Amazon.com: 4.4 out of 5 stars 29 reviews
40 of 41 people found the following review helpful
4.0 out of 5 stars Not for beginners 27 May 2008
By E. Smith - Published on Amazon.com
Format: Hardcover Verified Purchase
I have been programming for over 10 years, but my Windows specific C++ programming is relatively weak due to inexperience with it. Note that if you are in the same boat, you will need additional resources (web based, help files, other books) on top of this book as this book assumes you are already proficient in creating Windows apps.
They make no attempt to tell you otherwise, it is an expert level book - but even if you already know C++ well, there is much Windows specific details that this assumes you know.

Great book and very useful, just not entry level, so know that going in.
5 of 5 people found the following review helpful
5.0 out of 5 stars This is da book 14 Nov. 2008
By S. Jacobs - Published on Amazon.com
Format: Hardcover Verified Purchase
If you want to do any serious development in Window, this is the book to get. Once you read and understand the basic C++ books, and want to get beyond simple applications, you need this book. This is not a beginner text, but a grown-up book on what is happening inside windows and how to use it in your application. I found this book invaluable in building multithreading, port i/o, virtual array management in my application. The author really knows his stuff and presents it in a very readable fashion. The source code for the examples in this book are well-commented and I have found it easy to take code fragments from then to use in my applications.

This book is a keeper.
2 of 3 people found the following review helpful
5.0 out of 5 stars Had all of the info I was looking for... 17 Sept. 2008
By D. Devine - Published on Amazon.com
Format: Hardcover Verified Purchase
As you guessed by the title, this book covered exactly what I was looking for.
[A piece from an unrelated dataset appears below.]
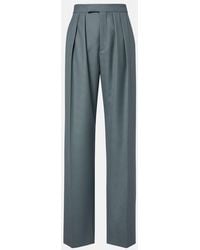 Chloé - Pleated Virgin Wool Straight Pants - Lyst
C/C++ programmers who are dealing with Windows kernel objects, shared memory objects, events, semaphores, security and the like will appreciate this.

The book covered and clarified information that may/may-not be available on MSDN (I never saw it there while searching...), and did so with an overall approach that ties the topics together, shows how they are used, and generally is more understandable. I appreciated this book much more than jumping around through a bunch of disjointed MSDN pages trying to understand how these elements work. The book gives you deep understanding and more than a few tricks you can use in the debugger.

Beginning developers, or developers working on managed code prob. wouldn't have much use for this book. Consider this the nitty-gritty reference manual for how all of the low level stuff gets done.

I appreciate this book, it won't end up back at the used bookstore.
3 of 5 people found the following review helpful
5.0 out of 5 stars The name of the author says everything 25 Jun. 2008
By Wuping Xin - Published on Amazon.com
Format: Hardcover Verified Purchase
This is an excellent book on the fundamentals of Microsoft Windows Operating Systems up to vista. The author definitely is an authority on the subject, and the book is pretty easy to follow with the C/C++ samples.

Particularly I like the chapters about the workings of DLLs. And the explanation of Windows memory management is also very clear.

Perhaps the book can be made a little thinner or use somewhat lightweight paper as I found it is pretty heavy to carry around.

In all, this is a very good desktop reference book if you are windows developer. Even though those RAD platform such as .NET make our life easier and enable us to make a good-looking app quickly, still, from time to time, you'll find a some level of understanding of how windows works help you write better code.

I am very satisfied with this book.
13 of 13 people found the following review helpful
4.0 out of 5 stars Really amazing book on Windows programming 30 April 2011
By Richard Bejtlich - Published on Amazon.com
Format: Hardcover
I will admit right away that I am probably not the target audience for this book, because I am not a professional Windows programmer. However, I am very interested in learning how Windows works, and Windows via C/C++, 5th Ed (WVCP5E) is one of the books that will help develop that expertise. Had I not also read Windows System Programming, 4th Ed (WSP4E) by Hart, I would have given WVCP5E 5 stars. Both are strong books, but WSP4E received 5 stars in a separate review. Still, I very strongly believe that WVCP5E by Richter and Nasarre is a must-read for anyone who wants to know more about Windows applications.

From the start readers should appreciate several aspects of WVCP5E. First, the book addresses 64 bit programming. This is a requirement for modern environments, so it was nice to see a book aimed at Windows Vista including 64 bit topics. Second, the authors repeatedly discuss various security aspects of Windows and programming. As a security professional, I found this to be very encouraging and enlightening. Third, the authors are very candid, which adds to their credibility. For example, in Ch 3 when discussing a process' kernel object handle table, they write "I will not get all the details completely correct" because the subject is undocumented! (Somehow I think they covered the topic correctly!)

I thought the presentation of the book contributed to the learning process. One example appears in Ch 9, where Figure 9-3 (Kernel Objects and Threat Synchronization) on p 276 uses a comparative approach to make the authors' point. The authors frequently supply historical context for Microsoft decisions, including commentary on Microsoft practices. I liked the comment on Alertable I/O on p 315, where they write the feature "is horrible and should be avoided."

I subtracted one star from the overall rating for a few reasons. First, WSP4E seems much more complete as far as the manner in which Hart presents material. WVCP5E doesn't have the exercises, summaries, and other structures that one finds in WSP4E. For example, on more than one occasion a chapter in WVCP5E simply ended with a code listing! Maybe that's sufficient for the pros, but I like a little more framework around the material. Second, I really like comparisons to Unix and Linux in WSP4E that just don't appear in WVCP5E. Having a Unix background, Hart's approach helped me understand certain topics better when Windows vs Unix discussions appeared.

In conclusion, I still strongly recommend reading WVCP5E. I think it's a must-read for Windows programmers and security pros trying to understand applications at a deeper level.